初対面で人と会う時、緊張して言葉が出てこない、という経験を持つ方も多いかと思われます。初対面でなくても、話が続かない、この人は自分のことをどう思っているのか?そのあたりが気になりだすと話せなくなってしまう、単に相手の話すことに頷くのみということもしばしば社会生活の場では目にします。

今回のキーワードである、「気さくさ」が呼び込む効果がどれほどあるかという点について考えてみたいと思います。「気さくさ」とは飾らず、フランクであり、かつ性格がさっぱりしていて明るく、変な拘りがない性格の持ち主、ということになります。私はココの神髄がどこにあるかを見極めるために、敢えて話しぶりや話題の豊富さに焦点を充ててみたいと考えました。

まだ信頼関係が構築できていない間、人はどのようにして信用・信頼関係を構築していくでしょうか。まず、相手と会話しないことには何も始まりません。できればリアルで会ったうえで、素となる自分を知ってもらうことが肝心です。当然、相手の話すことに耳を傾ける傾聴が軸にあることは間違いありません。単純な頷きだけでもダメです。オウム返しも時としてはOKでもいつも行なわれると嫌気をさされてしまいます。しかしながら、話題としてビジネス上の話の前に、如何に雑談集のストック、幅を持っておくかが大きなカギとなります。当然、趣味が一致すればそっちの方で話が弾むのはわかります。しかし、全員が全員そういう訳にはいきません。釣りは行なうものの、ゴルフやテニスの会話には全く付いていけないというのも、バランス的には非常に辛いものがあります。

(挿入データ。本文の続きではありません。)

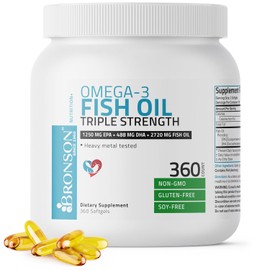 Bronson Omega 3 Fish Oil Triple Strength 2720 mg, Non-GMO, Gluten Free, Soy Free, Heavy Metal Tested, 1250 EPA 488 DHA, 360 Softgels                  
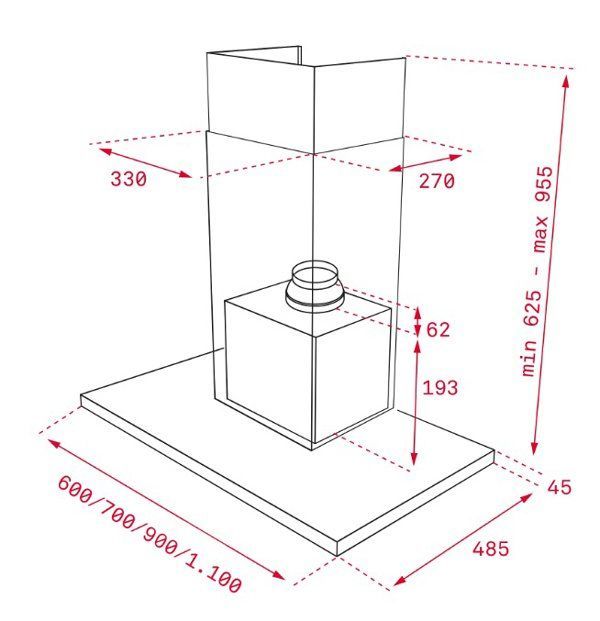 Teka Campana Decorativa DLH986T 90cm Inox Cristal Negro 701m3/h Clase A+ - Imagen 2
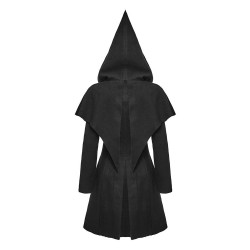 Women Gothic Lolita Zipper Hooded Witch Magic Cloak Coat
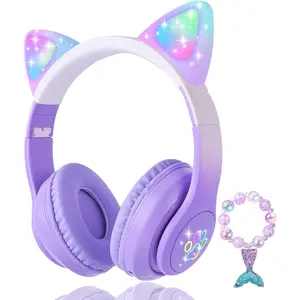 P-HPS013   Cat Ear Kids Headphones Bluetooth, LED Light up Wireless/Wired Mode Over Ear Headphones with Build in Microphone for School/Travel (Purple)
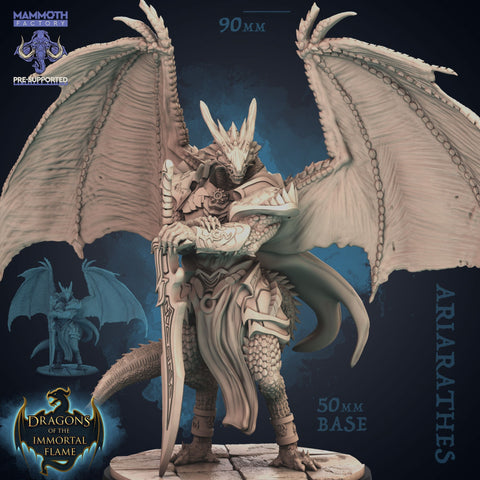 Dragonborn Winged Paladin with Sword | 28mm,32mm,54mm,75mm Scale |Resin Miniature | Dungeons and Dragons D&D 5e | Pathfinder |Flesh of Gods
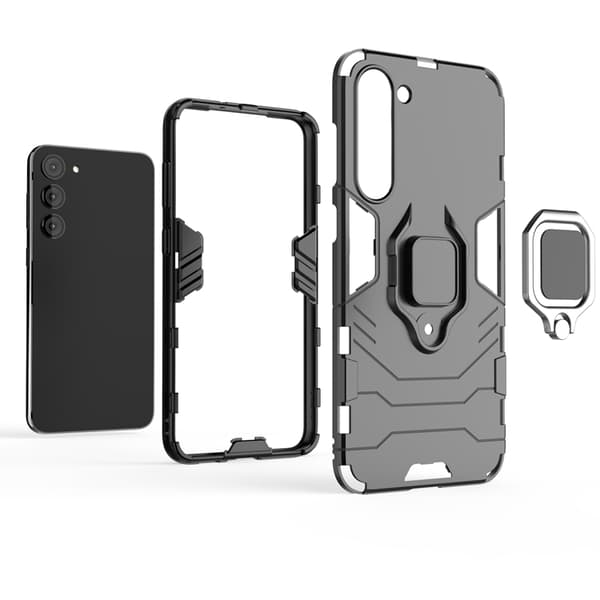 Galaxy S23 Plus Mobilcover Ring Armor Magnetisk Holder - Sort Black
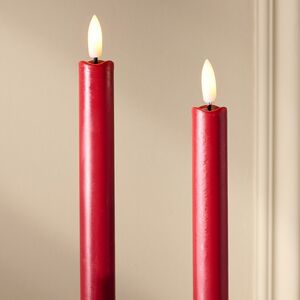 Столовая светодиодная свеча с имитацией пламени Sunrise 25 см красная, 2 шт с пультом, таймер, на батарейках Koopman (Купман) фото 3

そのような中、如何に会話のピンポンをできるか、言い方を変えればラリーが続くか、これが相手の心の会話のキャッチボールとなり、相手を知る一つのLINEとなります。その中で相手に印象を与えられる会話ができれば、それが相手方に記憶という形でインプットされ、次回会った時にはその話の延長線上で話が続く、次の段階に移行できることになります。相手も知り、自分も知ってもらう、ここの重要な要素が「気さくさ」ではないかと考えています。

ある人の中には、自分のことばかりを主張し、一切譲らない人がいます。エゴの強すぎるタイプです。また、見え見えの態度も相手を退かせてしまう大きな要因となってしまいます。怒りっぽい人、同じことを永遠繰り返し話してしまう人、人の意見に同調しすぎる人(自分のない人)等々、人のタイプを上げればキリがないです。

気さくな人の共通点として、接している相手をきっちり気持ち良い状態になってもらうための人間関係のベースとなるインフラを構築できる人、という定義ができるのではないかと考えています。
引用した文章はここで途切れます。